Het gezamenlijk gewicht dier steenen is 2858 karaat. Bovendien is er een groote robijn in gezet van 389½ karaat en 75 fijne paarlen van 745 karaat. De robijn draagt een kruis van allerfijnste diamanten. De punt is een diamant, genaamd ‘de Maan van het Gebergte,’ afkomstig van den troon van den sjah Nadir. Van voren en van achteren is de diadeem versierd met twee gekruiste lauwertakken, door een lint bevestigd. De waarde dier kroon bedraagt 823,976 roebels.
De schepter van Alexander III werd voor het eerst gebruikt bij de kroning van Paul I. Hij is van goud en aan het handvat versierd met drie rijen diamanten; aan het uiteinde flonkert de beroemde diamant Orlow, die den rijksadelaar draagt.
Omtrent de Orlow zijn heel wat histories in omloop.
Volgens sommigen vormde die diamant eertijds het oog van den gouden leeuw van den grooten Mogol; het andere oog van dien leeuw berust tegenwoordig bij de Engelsche kroondiamanten.
Een ander verhaal zegt, dat een Fransch soldaat in Spaanschen dienst dien diamant gestolen had. Hij vluchtte naar Malabar, waar hij den steen aan een scheepskapitein verkocht; deze verkwanselde hem weer voor 2000 guinjes aan een jood, die hem overdeed aan een Perzisch koopman, Lazarew genaamd De sjah wilde den nieuwen eigenaar dwingen, hem zijn schat af te staan, maar de Pers was hem te slim af; hij hield zich ziek, deed zich een insnijding in de dij en borg daar het kleinood in.
Toen de wond geheeld was, verklaarde hij, den kostbaren steen niet te bezitten; hij werd, in de gevangenis geworpen, doch na vruchtelooze nasporingen weer op vrije voeten gesteld. De leeperd reisde nu te voet naar Sint-Petersburg en stelde zich voor aan Catharina II. Door een chirurgijn liet bij zich den diamant uitsnijden, maar vroeg er zulk een hooge som voor, dat de keizerin weigerde den koop te sluiten.
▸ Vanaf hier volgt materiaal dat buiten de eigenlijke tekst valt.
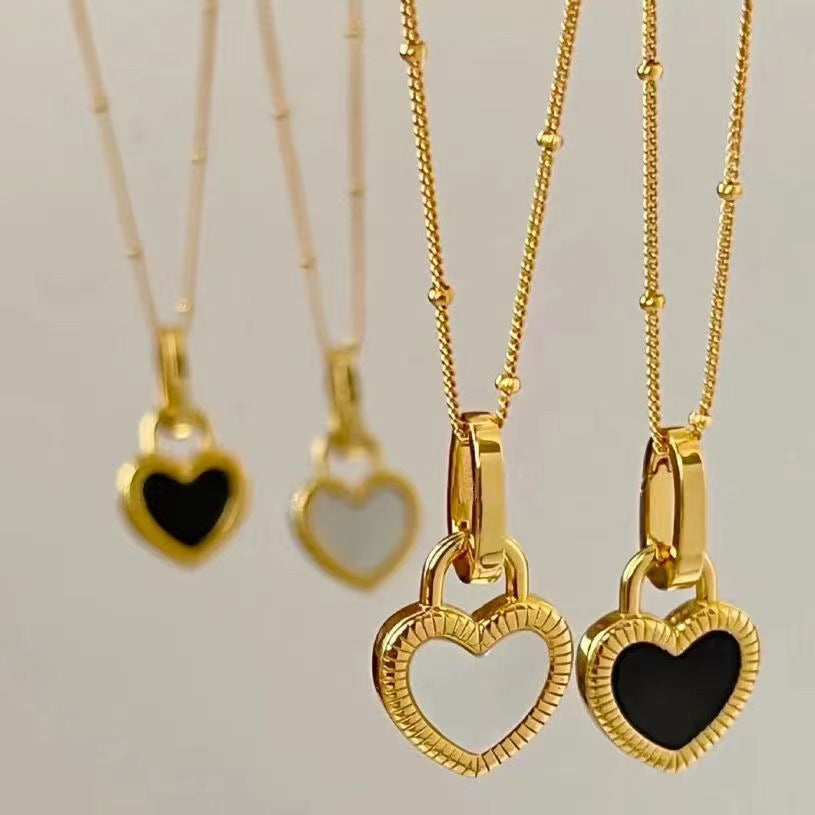 Collar de oro con colgante de corazón blanco y negro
De jood ging nu naar Amsterdam, waar graaf Alexis Orlow den diamant kocht voor 450.000 roebels in zilver, een lijfrente van 2000 roebels en een brief van adeldom. Orlow bood vervolgens de czarin zijn koopje als geschenk aan.
Deze steen, naar graaf Orlow genoemd, weegt 194¾ karaat, 't is een der grootste die bestaan. In 1865 werd de waarde van den schepter, die achtereenvolgens door Paul I, Alexander I, Nicolaas I, Alexander II en III, werd gebruikt, geschat op een waarde van 2.399.410 roebels.
De rijksappel dagteekent van Paul I. Hij is van goud, omgeven door een bladerwerk van diamanten. In het midden bevindt zich een groote diamant (peer); bovenop ligt een prachtige ovale saffier, met diamanten omgeven, en daarboven verheft zich een kruis van diamanten.
prins von hohenlohe-schillingsfürst, de nieuwe Duitsche Rijkskanselier.
Het rijksschild is eenvoudig. Het is bekleed met 42 platen jaspis, die met goud, robijnen en turkooizen zijn ingelegd.
Een der attributen, die even als de rijksstandaard den keizer nooit verlaat, is het rijkszwaard. Dit wapen heeft een stalen lemmet, 1.30 M. lang, met drie gleuven over de geheele lengte. Een der platte kanten van het lemmet is in goud gedamasceerd met een tweehoofdigen adelaar, die een kronkelenden draak in zijn klauwen heeft; op den anderen staat een griffioen met een getrokken degen. De greep eindigt in twee gekroonde adelaarshoofden; evenzoo het kruis. De scheede is met goudlaken bekleed.
In zijn hoedanigheid van opperhoofd van den godsdienst bezit de czaar een kruisbeeld. Het is van goud met vier armen, waarin zich een splinter bevindt van het Heilig Kruis. Het is versierd met kostbare steenen en hangt aan een gouden keten van gevlochten koord.
De czaar heeft vier zegels. Zijn eigen zegel is zeer eenvoudig. Het gelijkt op een munt ter grootte van een rijksdaalder. In de holte is een tweehoofdige adelaar gegraveerd. De andere zegels van verschillende grootten, en die dienen moeten naar gelang de belangrijkheid der te zegelen stukken, dragen het rijkswapen.
Al deze attributen worden den nieuwen czaar bij zijn kroning plechtig overhandigd.